Jour J pour le brexit: ni victoire, ni effondrement.
La tension sera à son comble demain (11 décembre) pour Theresa May. Le parlement britannique s'apprête en effet à voter sur le projet d'accord de retrait ("Draft Withdrawal Agreement") et la déclaration politique conclus entre le gouvernement britannique et l'UE après plusieurs jours de débats houleux. Ces deux documents fixent un cadre pour respectivement la période consécutive au brexit (après mars 2019 en principe) et la collaboration à long terme entre les 27 et le Royaume-Uni. À l'heure actuelle, il est peu probable que ces propositions recueillent une majorité des voix à la Chambre des Communes. Toutes les tensions de ces derniers mois risquent donc de déboucher sur une simple fin de non-recevoir. La défaite de Theresa May semble inévitable, surtout au vu des grandes divisions au sein de son propre parti des conservateurs. Mais cela ne sera pas automatiquement synonyme d'un "no deal" ou d'un "brexit dur". Il ne faut pas non plus s'attendre à un tremblement de terre sur la scène politique, car personne n'a vraiment envie d'être à la place de la Première ministre à l'heure actuelle. Sur la base d'amendements votés au parlement britannique, May pourrait reprendre la direction de Bruxelles dans l'espoir d'obtenir quelques concessions des 27. Mais toute renégociation paraît totalement exclue à l'heure actuelle. Il existe pourtant une certaine marge de manœuvre au niveau du texte. Dans sa forme actuelle, l'accord est particulièrement positif pour les 27. Or si ceux-ci veulent d'une relation stable avec le Royaume-Uni, ils devront certainement répondre à certaines doléances des Britanniques. Ce n'est que de cette manière que l'on parviendra à atteindre l'objectif numéro un de tout accord: préserver une zone de libre-échange entre les anciens partenaires. Il s'agit de la condition sine qua non pour éviter que le brexit n'ait de trop lourdes répercussions. Tout le monde est d'accord sur ce point, y compris au parlement britannique.

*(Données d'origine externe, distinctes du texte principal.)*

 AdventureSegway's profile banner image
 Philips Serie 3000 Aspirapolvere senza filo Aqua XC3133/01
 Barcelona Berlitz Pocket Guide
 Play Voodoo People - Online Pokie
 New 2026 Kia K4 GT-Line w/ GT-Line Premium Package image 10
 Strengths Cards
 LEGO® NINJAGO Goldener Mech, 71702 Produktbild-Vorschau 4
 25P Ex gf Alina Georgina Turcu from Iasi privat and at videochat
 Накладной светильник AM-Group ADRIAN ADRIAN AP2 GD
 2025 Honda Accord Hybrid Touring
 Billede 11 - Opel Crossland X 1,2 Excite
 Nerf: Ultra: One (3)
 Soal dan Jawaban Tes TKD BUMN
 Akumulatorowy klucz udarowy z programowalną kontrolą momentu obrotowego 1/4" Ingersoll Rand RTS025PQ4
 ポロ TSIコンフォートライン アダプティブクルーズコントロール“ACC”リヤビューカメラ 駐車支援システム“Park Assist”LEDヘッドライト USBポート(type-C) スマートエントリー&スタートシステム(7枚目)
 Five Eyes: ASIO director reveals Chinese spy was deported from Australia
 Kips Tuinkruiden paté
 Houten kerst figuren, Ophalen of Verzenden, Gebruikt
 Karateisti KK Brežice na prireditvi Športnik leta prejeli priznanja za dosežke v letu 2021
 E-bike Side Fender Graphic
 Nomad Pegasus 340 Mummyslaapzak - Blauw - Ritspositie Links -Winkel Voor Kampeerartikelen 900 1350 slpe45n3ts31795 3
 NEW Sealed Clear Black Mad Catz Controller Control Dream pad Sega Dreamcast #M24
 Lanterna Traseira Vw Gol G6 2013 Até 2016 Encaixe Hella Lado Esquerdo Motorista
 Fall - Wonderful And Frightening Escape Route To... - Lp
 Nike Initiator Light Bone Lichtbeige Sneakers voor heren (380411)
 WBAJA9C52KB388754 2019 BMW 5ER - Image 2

L'horloge tourne. On peut supposer que l'échéance politique de mars 2019 n'est pas gravée dans le marbre. Tant qu'il existera une chance d'éviter un brexit dur, les deux parties privilégieront les discussions plutôt qu'un grand saut dans l'inconnu. La pression en provenance des marchés va certainement s'accroître. Si l'économie britannique se porte toujours bien à l'heure actuelle (0,6% de croissance au troisième trimestre, contre 0,2% pour la zone euro), force est de constater que les nuages commencent à s'amonceler. L'économie britannique a encore pu profiter de la faiblesse de la livre, qui a pour effet de soutenir les exportations. Et la bonne conjoncture aux États-Unis a également un impact positif. Mais la dépréciation de la monnaie provoque aussi une accélération de l'inflation, alors que le croissance des salaires reste limitée. Malgré une situation de plein emploi, le pouvoir d'achat des ménages britanniques est donc en train de diminuer. À terme, cela pèsera non seulement sur la croissance de la consommation, mais cela accentuera aussi les pressions d'ordre politique, en provenance tant des entreprises que de la société britannique dans son ensemble. Malgré la haute teneur intellectuelle des débats au parlement, ce sera au bout du compte la dure réalité qui forcera les politiques à trouver une solution. Et l'homme et la femme de la rue ont tout intérêt à que la sortie du Royaume-Uni soit "douce". Le revenu disponible dans le pays diminue quasi systématiquement depuis le référendum sur le brexit.
Alors qu'une période de stagflation s'annonce, il est temps que les politiques britanniques regardent la réalité économique de leur pays en face: la population britannique, qui est en train de s'appauvrir, n'a aucun intérêt à ce que le gouvernement s'engage dans une guerre d'usure avec les Européens. La porte qui donne sur l'Europe est toujours entrouverte. Il faudra le plus rapidement possible trouver une solution pour qu'elle ne se referme pas de trop.